Like a moth drawn to a flame, the Blog of Stupid has worked its magic and drawn me back into its moldy embrace. And it only took two years. Twenty-one months, to be exact, but who’s counting? Oh, that’s right--you are! There are no doubt legions of faithful fans who have not moved from their increasingly uncomfortable chairs for two longish years, staring at their computer screens and manically clicking the browser refresh button, the desk and surrounding floor piled high with pizza boxes and empty take-out bins. Their t-shirt fronts, stretched to the point of no return by their massive, quivering bellies, are covered with the dust of a thousand Pringles®. Although nauseated by this mental image, my heart is warmed as I imagine the croaks of joy that escape their parched throats and picture them attempting to stand and cheer. They are, of course, unable to do so, their asses having fused to the fake leather of their office chairs sometime last August.

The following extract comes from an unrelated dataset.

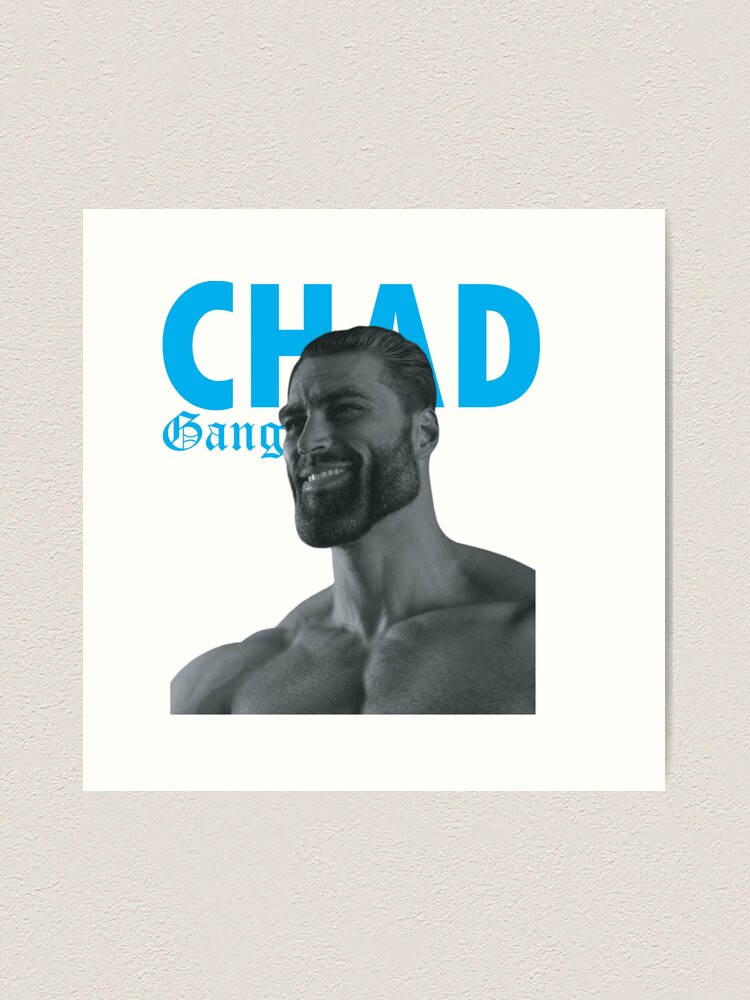 Giga Chad Meme Posters and Art Prints for Sale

I must interrupt the joy for just a moment, however, to make a confession. I have been unfaithful. Yes, it’s true. I have written for other blogs. One of which was for an excellent cause, however, namely turning the life of a co-author into a living hell. I started a blog devoted to mocking and belittling him. After several posts in this vein, however, I thought, “Why not bring this mockery to a larger audience, while at the same time reviving The Blog, possibly even returning it to its former glory?”
But then I thought, why waste the grand re-opening Blog post on such an unworthy subject? Would that not merely encourage the little wanker to further incompetent mischief? So I reached a compromise. I will, indeed, write a Blog post employing the lowest blows possible in hopes of crushing the spirits of *ick* him, but it will not be this one. It will be a small, insignificant post uploaded in the middle of the night so that only people of ill-repute will be likely to see it. In this way I will be sure to ruin his reputation among his peers. Haw.